Se è vero che Irene Soave stuzzica la nostra golosità offrendoci queste prose brevi come fossero un invitante cabaret di piccola pasticceria assortita – e c’è davvero l’imbarazzo della scelta nell’eleggere il proprio bonbon preferito – non si può peraltro non notare come certi contributi agiscano quasi da mezzo di contrasto nelle vene del corpo del dibattito attuale. Alcuni, per esempio, instaurano un dialogo diretto con le diatribe più pruriginose legate alle questioni di genere, alla sessualità e al rapporto tra i sessi: così, se A tredici si bara constata già nel 1960 la precocità di fanciulline in boccio esplicitamente bramate da uomini tanto adulti quanto occhiuti, Signore in vendita, dell’anno dopo, descrive la popolarità di un gioco detto “L’antiquario”, in base al quale, nel corso di serate mondane soprattutto romane, spiritosi banditori mettevano all’asta corpi femminili alla stregua di mobili in buono o cattivo stato; mentre del 1973, invece, è la pronta recensione con vivo consiglio di lettura «alle giovani madri e soprattutto alle nonne, nonché alle maestre di scuola materna ed elementare» (p. 331) dell’appena pubblicato Dalla parte delle bambine di Elena Giannini Belotti. A chi invece, scioccato dagli scandali della cosiddetta Megxit, abbia dimenticato i numerosi precedenti della casa reale britannica, Irene Soave rinfresca la memoria inserendo i lunghi articoli che Cederna dedicò più di cinquant’anni fa alle nozze della principessa Margaret con il chiacchieratissimo Tony Armstrong Jones (ben due, nel maggio 1960), e restituisce un efficacissimo ritratto di un’inossidabile Elizabeth “senza gambe” (parola del suo sarto ufficiale) risalente alla primavera successiva (Il mestiere di regina). E come non notare, poi, l’omaggio incrociato rivolto alla da poco scomparsa Carla Fracci, che nel garbo a lei riservato in Il tango di papà (1962) offre quasi un contraltare (anche stilistico) alla mestizia per l’infelice Silvana Mangano o all’insistenza un po’ ossessiva con cui Cederna si occupò invece della divina Maria Callas (al punto da dedicarle un apposito libro nel 1968)?

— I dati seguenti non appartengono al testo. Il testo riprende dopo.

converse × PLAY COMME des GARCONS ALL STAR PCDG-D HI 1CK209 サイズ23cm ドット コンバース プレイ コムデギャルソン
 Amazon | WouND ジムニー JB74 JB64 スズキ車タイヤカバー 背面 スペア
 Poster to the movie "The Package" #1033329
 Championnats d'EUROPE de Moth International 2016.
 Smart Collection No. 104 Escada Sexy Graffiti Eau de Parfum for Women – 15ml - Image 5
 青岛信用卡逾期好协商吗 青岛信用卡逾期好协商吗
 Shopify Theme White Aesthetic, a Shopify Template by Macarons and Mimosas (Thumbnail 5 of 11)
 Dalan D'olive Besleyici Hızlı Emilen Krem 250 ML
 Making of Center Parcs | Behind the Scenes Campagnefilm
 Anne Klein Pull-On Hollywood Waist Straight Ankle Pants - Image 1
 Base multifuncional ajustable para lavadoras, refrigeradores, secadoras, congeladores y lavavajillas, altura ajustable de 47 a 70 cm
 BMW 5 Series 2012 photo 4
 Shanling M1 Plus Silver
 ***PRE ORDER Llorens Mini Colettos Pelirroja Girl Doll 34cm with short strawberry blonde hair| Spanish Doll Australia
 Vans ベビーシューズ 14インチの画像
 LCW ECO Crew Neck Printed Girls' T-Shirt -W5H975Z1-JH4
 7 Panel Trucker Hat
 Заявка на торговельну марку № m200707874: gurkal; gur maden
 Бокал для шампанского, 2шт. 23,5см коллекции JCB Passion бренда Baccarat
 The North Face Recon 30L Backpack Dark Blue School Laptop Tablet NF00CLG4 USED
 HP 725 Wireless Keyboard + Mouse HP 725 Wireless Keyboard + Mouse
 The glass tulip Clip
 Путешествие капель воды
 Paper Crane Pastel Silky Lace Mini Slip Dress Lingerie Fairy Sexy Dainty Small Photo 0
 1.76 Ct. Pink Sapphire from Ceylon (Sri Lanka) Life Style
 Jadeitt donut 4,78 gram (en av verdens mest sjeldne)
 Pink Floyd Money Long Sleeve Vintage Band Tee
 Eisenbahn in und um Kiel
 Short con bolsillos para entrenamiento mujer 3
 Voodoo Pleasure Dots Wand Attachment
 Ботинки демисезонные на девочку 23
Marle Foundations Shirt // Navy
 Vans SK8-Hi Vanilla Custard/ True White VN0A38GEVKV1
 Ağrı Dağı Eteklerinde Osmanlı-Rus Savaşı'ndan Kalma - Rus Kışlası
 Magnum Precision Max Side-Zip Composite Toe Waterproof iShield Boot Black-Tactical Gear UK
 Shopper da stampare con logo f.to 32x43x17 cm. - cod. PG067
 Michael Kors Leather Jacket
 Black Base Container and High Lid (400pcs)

Non si compie certo peccato di iperbole a considerare questa raccolta come la summa di un corso di giornalismo, storia, antropologia, sociologia e psicologia. E se è vero che nelle prose di Camilla Cederna ci sono tutti gli elementi per soddisfare le categorie, ciò che più si apprezza è il modo in cui la libertà di idee vi si coniuga sempre con la felicità espressiva, anche quando l’esito coincide con articoli la cui pubblicazione sarebbe oggi impopolare se non addirittura impensabile e vivamente sconsigliata. Basti pensare, per l’appunto, proprio ai suoi ritratti femminili, nei quali si realizza il connubio perfetto tra eleganza di stile e assenza di vuota retorica “in rosa”. Come ben li definisce Irene Soave, essi sono

«tutti lontani dal tono generale della narrazione del femminile che vige oggi, e che ci vuole tutte Fride Kahlo, Giovanne d’Arco, Samanthe Cristoforetti […] un’alternativa speculare alle agiografie in versione empowerment che oggi vanno per la maggiore quando si tratta di definire collettivamente che cos’è, e a che cosa ha diritto, una femmina. Chissà che non ci somiglino anche di più. E che empowerment significhi anche non considerarsi appartenenti a una categoria così fragile da non poter sorridere di uno sguardo meno che reverente, meno che agiografico, su di noi; qualunque cosa “noi”, nell’epoca dell’identità, voglia dire» (pp. 31-32).

Pagine, dunque, più attuali che mai. Pagine, non da ultimo, a prova di benpensanti: «quelli che vivono nel chiuso di poche idee sbagliate», precocemente invecchiati nel fare da badanti alle proprie certezze custodite in cassaforte; quelli, insomma, che Camilla Cederna amava così tanto scandalizzare, e che qui, tra le prose di questo manuale, troveranno il giusto slancio giovanile per compiere il tipo di evasione per cui si è sempre in tempo.